I felt ridiculous standing in front of Vlaine while he was laughing. I sighed and uncrossed my arms, “I never asked you to stand up to Tracy and I don’t know what made you do that dimension thing to that kid, but I’m sure no one asked you to do that either. He just made me feel like I’m a pernicious being.”
His eyebrows were raised in surprise and I rolled my eyes, “sorry for overreacting.”
“Who told you about the ‘fourth dimension thing’? That was a while ago.”
If he wanted to he could read me and find out the truth so there was no reason to cover up for Will when he probably would not be coming back to Glaston anyway. “Will told me about it when he was giving me the stay-away-from-Vlaine talk.”
“Will wasn’t a student at Glaston when that happened,” he stroked his jaw while replaying the memory in his head then shrugged it off. “I have something to show you that will make you feel better, I think.”
“Wait, I need to talk to you about some things since I am finally allowed to be part of these meetings.” He willingly agreed. I put my hands over my face in shame, “but first I need to know how often you read me.”
I kept my hands over my face while he answered. “Since October, just when we’re working on your barrier so I can see how you’re doing. I put mine up for privacy so I like to extend the same courtesy to my friends.”
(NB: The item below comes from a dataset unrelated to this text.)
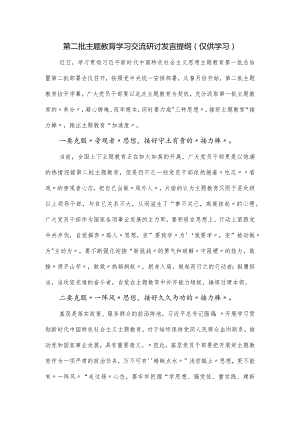 第二批主题教育学习交流研讨发言提纲.docx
I dropped my hands from my face slowly. “Let’s start from the beginning of the questions and work up to the most recent. I’m just going to do a speed round then answer them once I’m done. Why was Draxe ‘spying’ on our lessons that day? Why did you think your dad sent him and why would they have wanted Draxe to take over the class? What happened with Erik? Did he just disappear? Why is Jeremiah trying to get me and not your dad? We’ve had the same vision about me turning invisible now, what does that mean? I’m sure there are more that I have but those are the ones that have been on my mind.”
“Draxe was just curious because he knew you’re a replicator but I thought my dad was looking for reasons to send you into the think tank prematurely. Erik was alive, admitted that he was spying for Jeremiah and then disappeared the day the guys came in and attacked us. I’m sure that once Jeremiah has enough men he will try to take my dad, but my dad is very powerful and it isn’t going to happen easily. Did I cover everything? Oh, and I don’t know what us having the same vision means, it was probably just a coincidence.”